Proposed policies pose a questions on future of start-ups and battery makers operating in China

Chinese government policy has been largely considered extremely supportive of electric vehicles (EV) over the last few years. Generous subsidies for both manufacturing and buying EVs and various other policies have resulted in China becoming a magnet for automakers building up their EV portfolio. But now the government is raising the bar for companies to enter and establish themselves in the highly competitive market segment. 
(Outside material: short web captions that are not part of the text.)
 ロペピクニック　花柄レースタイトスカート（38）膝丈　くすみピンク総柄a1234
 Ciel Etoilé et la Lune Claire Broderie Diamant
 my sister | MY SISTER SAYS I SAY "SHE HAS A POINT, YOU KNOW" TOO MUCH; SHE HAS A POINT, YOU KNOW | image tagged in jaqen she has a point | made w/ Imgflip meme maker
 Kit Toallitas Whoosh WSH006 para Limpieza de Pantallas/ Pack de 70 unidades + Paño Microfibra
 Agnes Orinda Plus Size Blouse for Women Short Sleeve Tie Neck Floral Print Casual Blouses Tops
Recently, Chinese authorities formed new regulations for certification of EV battery manufacturers in the country that are far stricter than the ones previously in force. According to the proposed regulations, the annual output target for EV battery manufacturer in China will be increased from 0.2 gigawatts hours (GWh) to 8 GWh. The output of 8 GWh translates into a capacity of 130,000 EVs batteries with a 60-kWh battery pack per year. Currently, none of the foreign manufacturers have capacity in China to meet that. In fact, only two of the local manufacturers have that kind of capacity; BYD and OptimumNano.

Battery-makers hit speed bump

This would put the Chinese operations of some of world’s major EV battery manufacturers such as LG Chem, Samsung SDI, and Panasonic at risk. Battery makers have invested heavily in capacity building, keeping the Chinese market at the centre of their plans. LG Chem recently said that its EV battery sales will reach KRW1.2 trillion (more than USD855 million) this year and grow between 30% and 60% year-on-year (y/y) next year, with these predictions resting on China's authorities awarding the company EV battery certification, which will be pivotal to doing business in the world's largest EV market.

This is not the first time that Chinese authorities have made South Korean battery makers jittery about their growth in the country. In the past, China's Ministry of Industry and Information Technology (MIIT) had rejected South Korean companies Samsung SDI's and LG Chem's applications for certification for nickel-cobalt-manganese (NCM) type of batteries they produce in China. The government also cancelled subsidies for nickel-cobalt-manganese (NCM) batteries, citing safety concerns. Although the ban was relaxed later, the companies are still to get the certification.

No more EV start-up hub?

The move will not only affect glocal EV manufacturers in the region; the many EV start-ups that are growing in China are now also under pressure to regulate. In early September, it was reported that the government aims to cut down the number of EV companies that will get an EV production license to only 10 firms. A draft policy document posted by China's MIIT lists that EV makers must have 17 technologies to meet the requirements for legitimate EV producers in the country. These include a control system that determines the performance and stability of the NEV (new energy vehicle), an information system that tracks the sources and conditions of key parts, a process for recycling or reusing batteries, battery testing, and also trial production of at least 15 cars.

Such stringent requirement will put an end to small-scale start-ups. The bigger traditional automakers and a selection of extremely well-funded start-ups, such as and WM Motors, are the only ones that would remain eligible for the licenses. Only five companies have received an EV manufacturing license until now, the latest being Jiangsu Minan Electric Automobile Company, a subsidiary of Minth Group.

According to a report by Reuters, EV start-up Kaiyun Motors is one of the companies that is not looking to apply for a license and instead planning to acquire another company that already has one. “You can spend tens of millions and get a license, but all you get is a license. If you buy a company, you also get a factory,” Wang Chao, chairman of Kaiyun Motors was quoted as saying.

Life without subsidies

Even the famed subsidies for EVs in China are on their way out. Subsidies were one of the major routes to quickly turn EV manufacturing profitable. In fact, China was one of the very few countries that give subsidies not only to buyers but manufacturers as well. Subsidies are paid to the manufacturer for each car sold and can amount to more than a third of the sticker price of an electric model, like BYD’s e6. Reuters reports that China has given USD4.5 billion of subsidies in the last year alone. This has helped China become the largest EV adopter in the world with NEV sales already crossing 337,000 units in the January to October period this year alone. It remains to be seen what impact the new regulations, if and when they are implemented, will have on the sales growth of NEVs in the country.